Cost-effectiveness of infliximab versus conventional combination treatment in methotrexate-refractory early rheumatoid arthritis: 2-year results of the register-enriched randomised controlled SWEFOT trial.

Jonas Eriksson, Johan Karlsson, Johan Bratt, Ingemar Petersson, Ronald van Vollenhoven, Sofia Ernestam, Pierre Geborek, Martin Neovius

Research output: Contribution to journalArticlepeer-review

Abstract

OBJECTIVE:
To estimate the incremental cost-effectiveness of infliximab versus conventional combination treatment over 21 months in patients with methotrexate-refractory early rheumatoid arthritis.

METHODS:
In this multicentre, two-arm, parallel, randomised, active-controlled, open-label trial, rheumatoid arthritis patients with <1 year symptom duration were recruited from 15 rheumatology clinics in Sweden between October 2002 and December 2005. After 3-4 months of methotrexate monotherapy, patients not achieving low disease activity were randomised to addition of infliximab or sulfasalazine+hydroxychloroquine (conventional treatment group). Costs of drugs, healthcare use, and productivity losses were retrieved from nationwide registers, while EuroQol 5-Dimensions utility was collected quarterly.

RESULTS:
Of 487 patients initially enrolled, 128 and 130 were randomised to infliximab and conventional treatment, respectively. The infliximab group accumulated higher drug and healthcare costs (€27 487 vs €10 364; adjusted mean difference €16 956 (95% CI 14 647 to 19 162)), while productivity losses did not differ (€33 804 vs €29 220; €3961 (95% CI -3986 to 11 850)), resulting in higher societal cost compared to the conventional group (€61 291 vs €39 584; €20 916 (95% CI 12 800 to 28 660)). Mean accumulated quality-adjusted life-years (QALYs) did not differ (1.10 vs 1.12; adjusted mean difference favouring infliximab treatment 0.01 (95% CI -0.07 to 0.08)). The incremental cost-effectiveness ratios for the infliximab versus conventional treatment strategy were €2 404 197/QALY from the societal perspective and €1 948 919/QALY from the healthcare perspective.

CONCLUSIONS:
In early, methotrexate-refractory rheumatoid arthritis, a treatment strategy commencing with addition of infliximab, as compared to sulfasalazine+hydroxychloroquine, was not cost-effective over 21 months at willingness to pay levels generally considered acceptable.

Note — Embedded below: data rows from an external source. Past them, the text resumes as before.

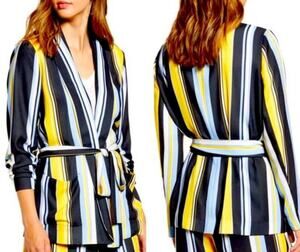 Halogen NWT Black Lucinda Stripe Soft Tie Waist Blazer Jacket Open Front Small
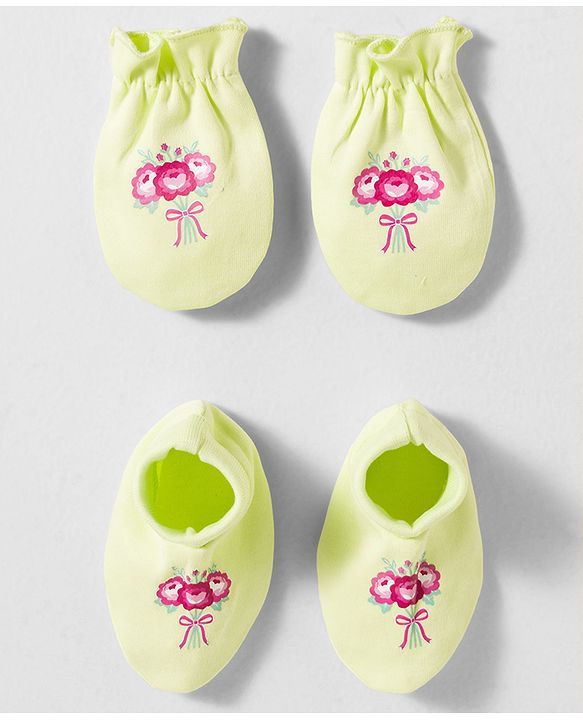 Babyhug 100% Cotton Interlock Knit Mittens & Booties Set With Floral Print - Green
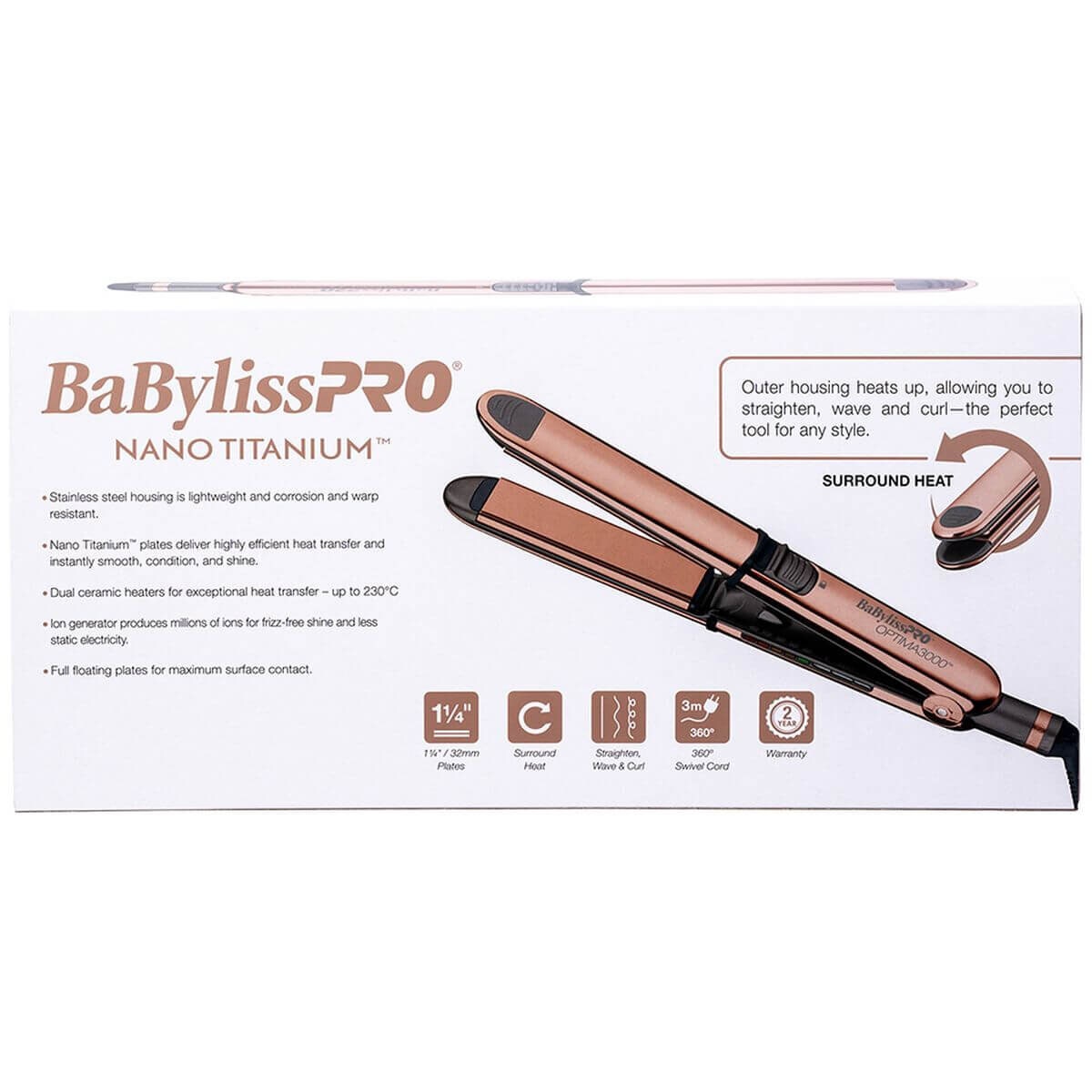 BaBylissPRO Optima 3000 32mm Hair Straightener - Rose Gold - Ion Multiplier Technology - 900638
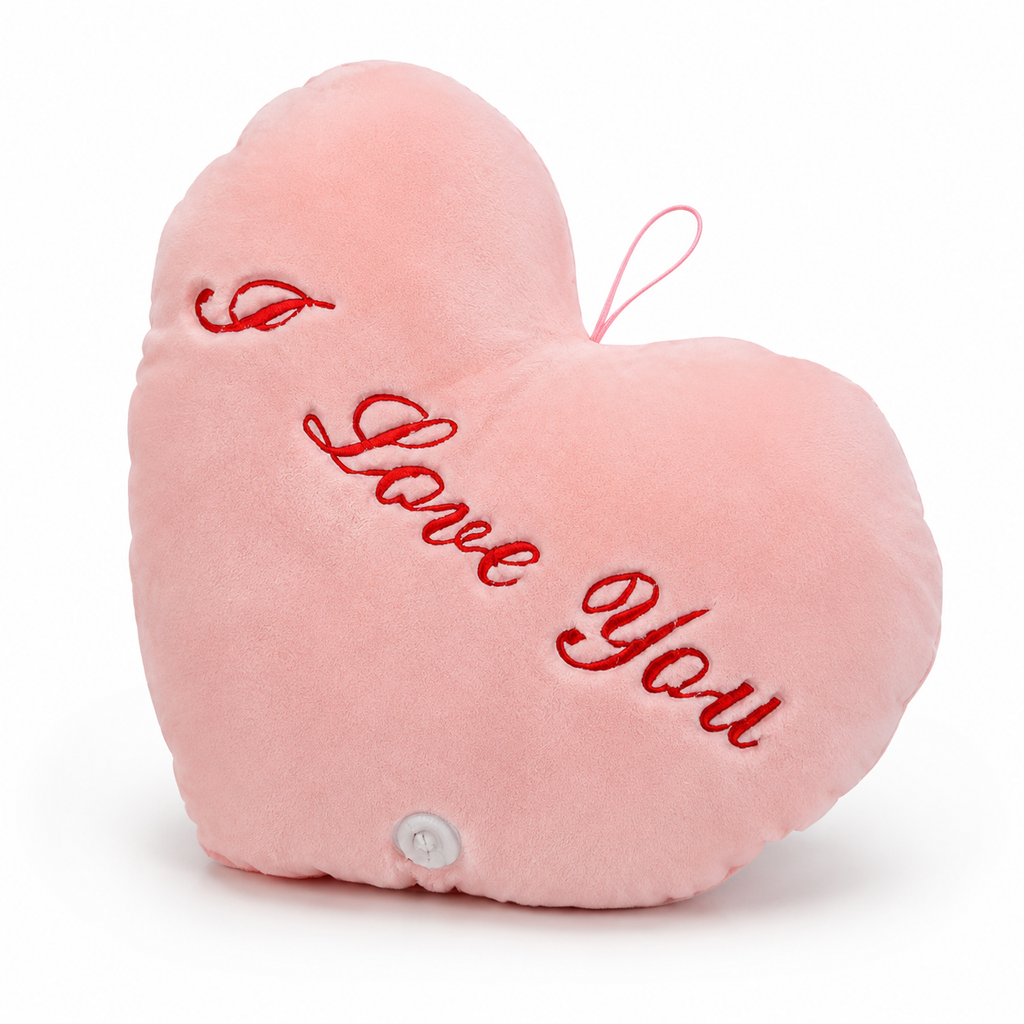 Leuchtendes Herzkissen I Love You - Rosa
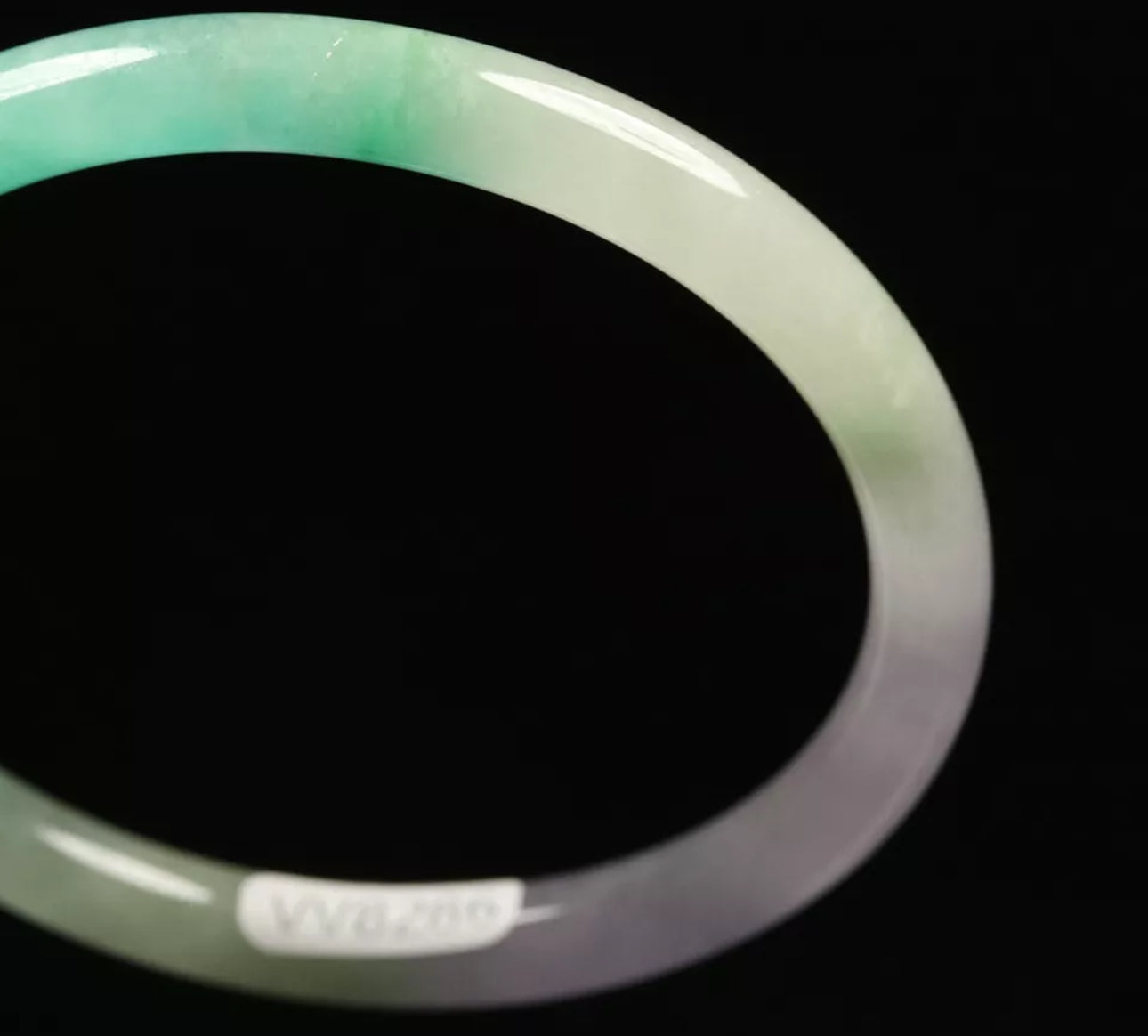 VINTAGE XS Jadeite Green/Lavender Icy Jade Bangle Size 54mm Round Princess Cut G286 - JazzyJewelbyAmina 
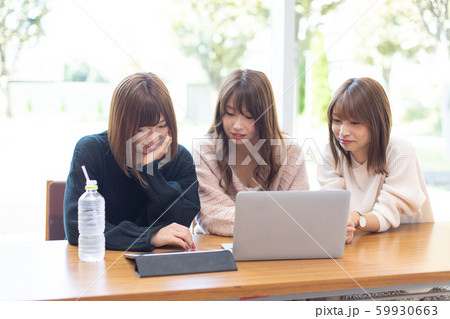 打合せする女性グループ 59930663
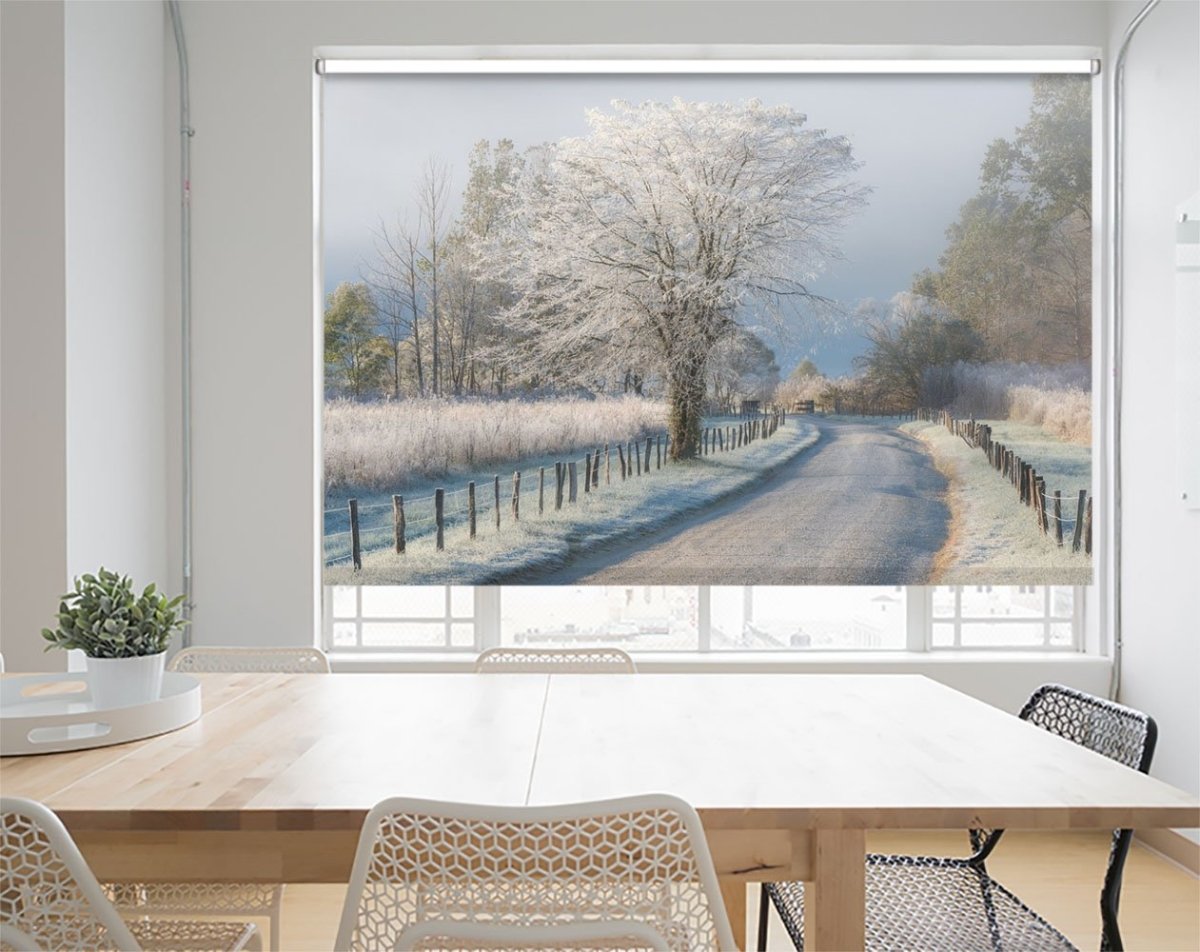 A Frosty Morning Winter Landscape Printed Picture Photo Roller Blind - 1X349072 - Art Fever - Art Fever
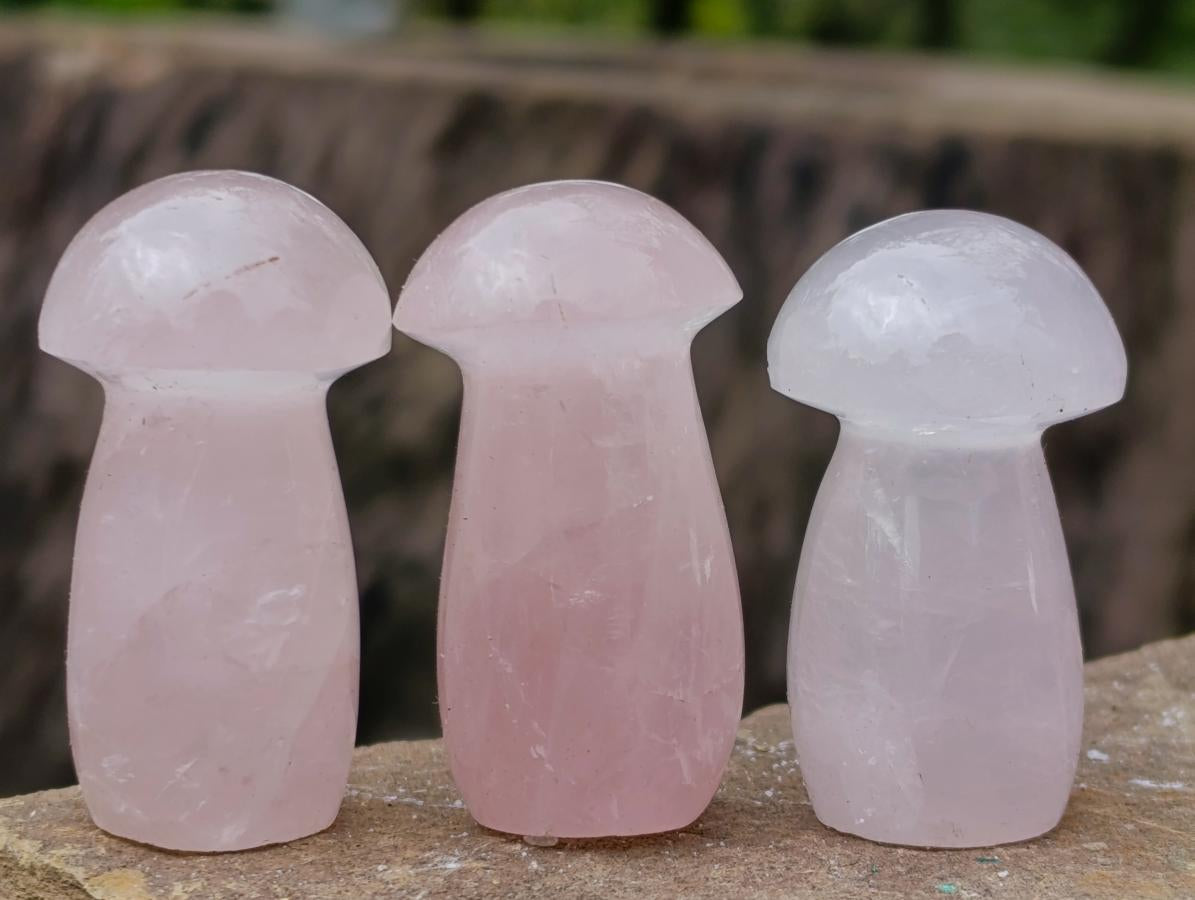 Polished Gemmy Rose Quartz Minni Mushrooms x 20 From Madagascar - Toprock Gemstones and Minerals 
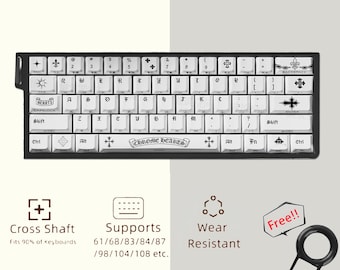 Chrome Hearts Keycaps Set, Cherry MX Key Caps, Transparent Full Keyaps Set, Gift For Gamer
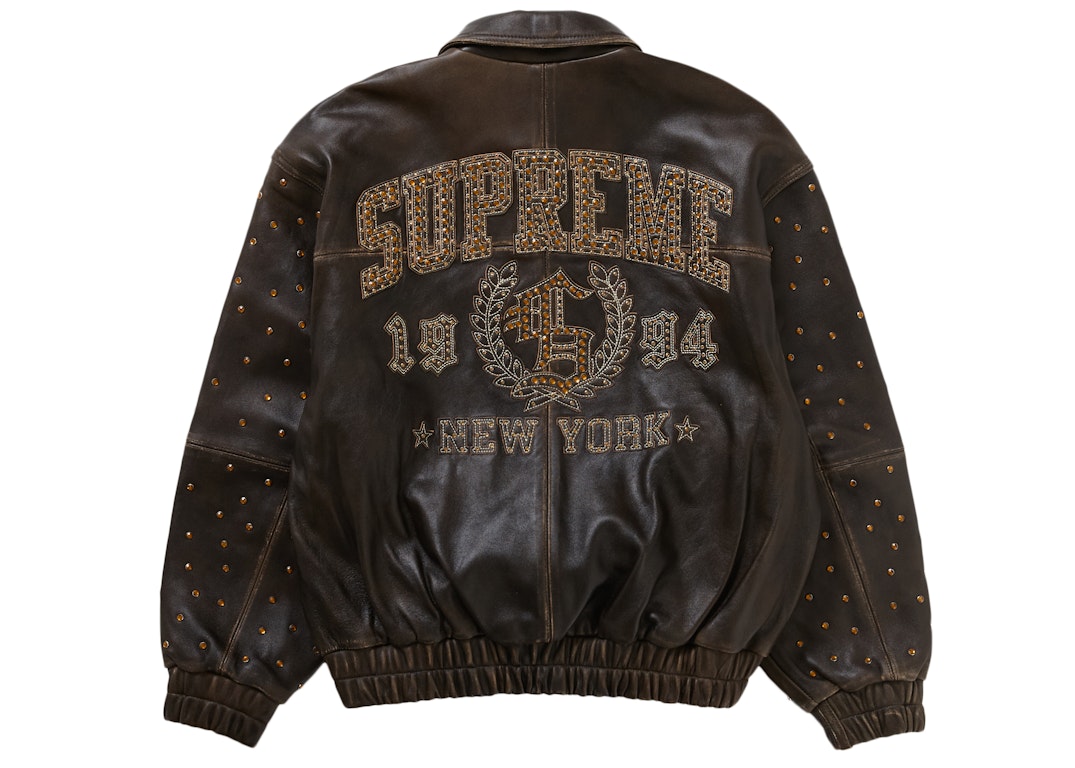 Pre-owned Supreme Gem Studded Leather Jacket Brown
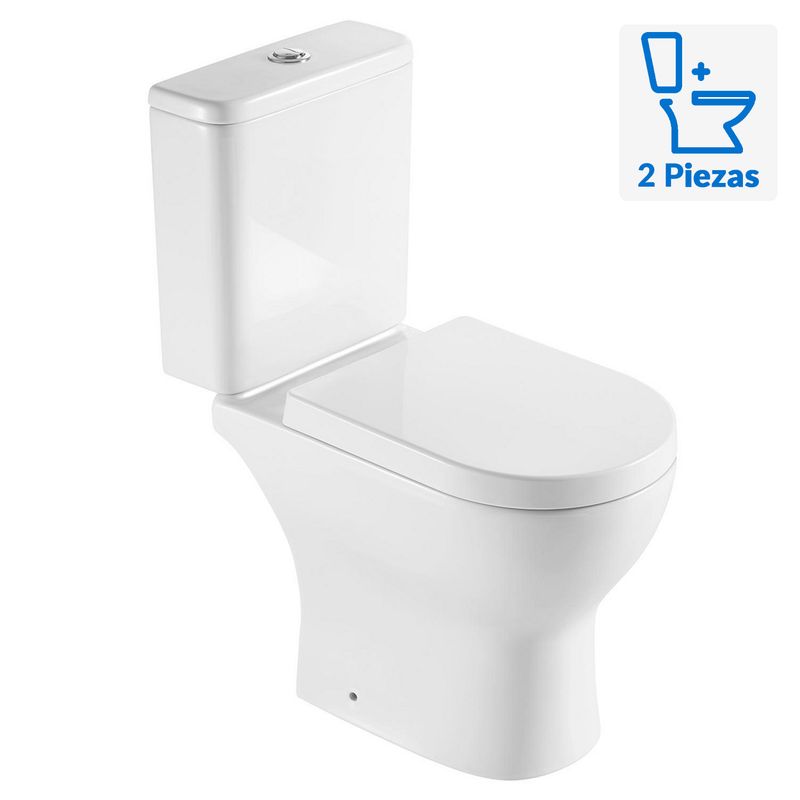 KLIPEN - Wc Two piece a Piso 26,5 cm 6.3 Litros Atenas Ada Blanco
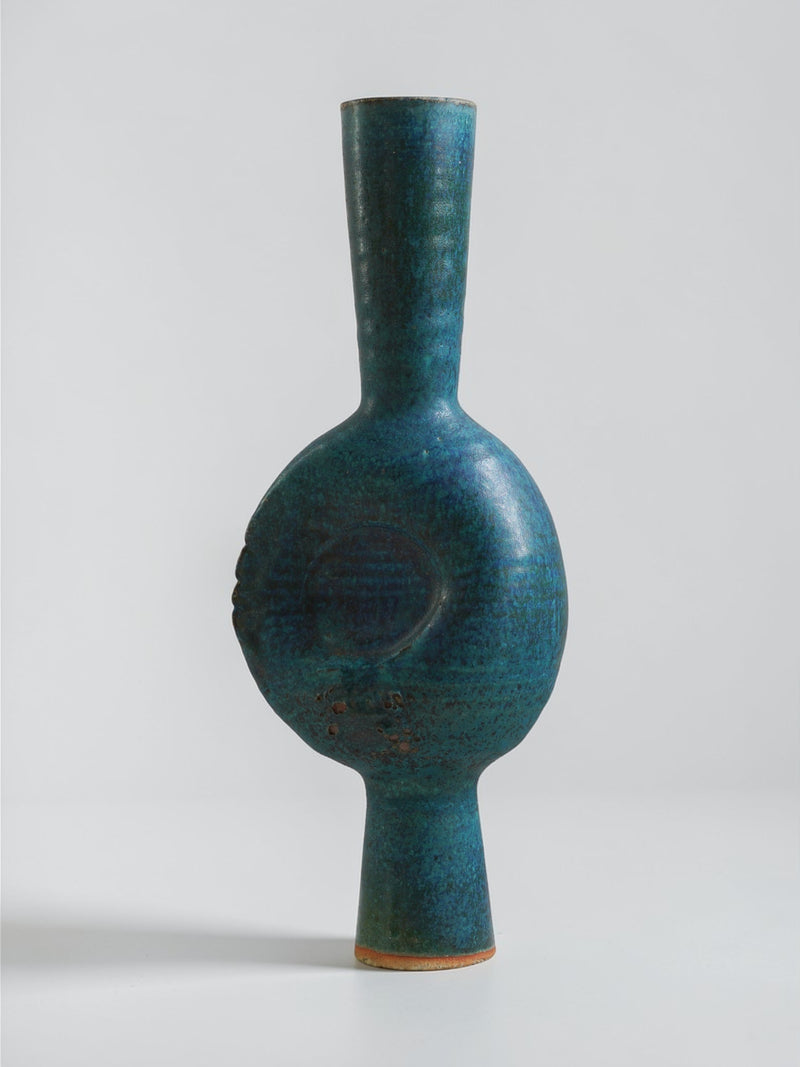 Vintage Japanese Tall Blue Studio Pottery Vase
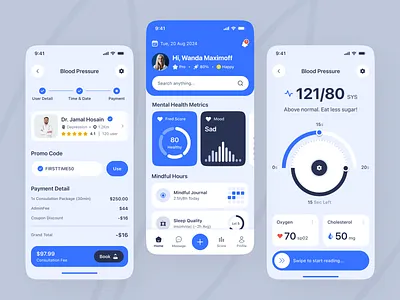 AI-Powered Mental Health App - UI/UX Design ai mental health app design ai mental health interface ai powered health app ai therapy app design calm ui for mental health journaling app uiux meditation app ui mental health app uiux mental health insights ui mental health tracker app mental wellness app ui mental wellness dashboard design mobile mental health app mood tracking app design personalized health app ui self care app design stress relief app design therapy app ux well being app ui wellness mobile app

TRIAL REGISTRATION NUMBER:
NCT00764725.
Original languageEnglish
Pages (from-to)1094-1101
JournalAnnals of the Rheumatic Diseases
Volume74
Issue number6
DOIs
Publication statusPublished - 2015

Subject classification (UKÄ)

  • Rheumatology and Autoimmunity

Keywords

  • Cost-effectiveness
  • QALY
  • randomised clinical trial
  • register
  • rheumatoid arthritis.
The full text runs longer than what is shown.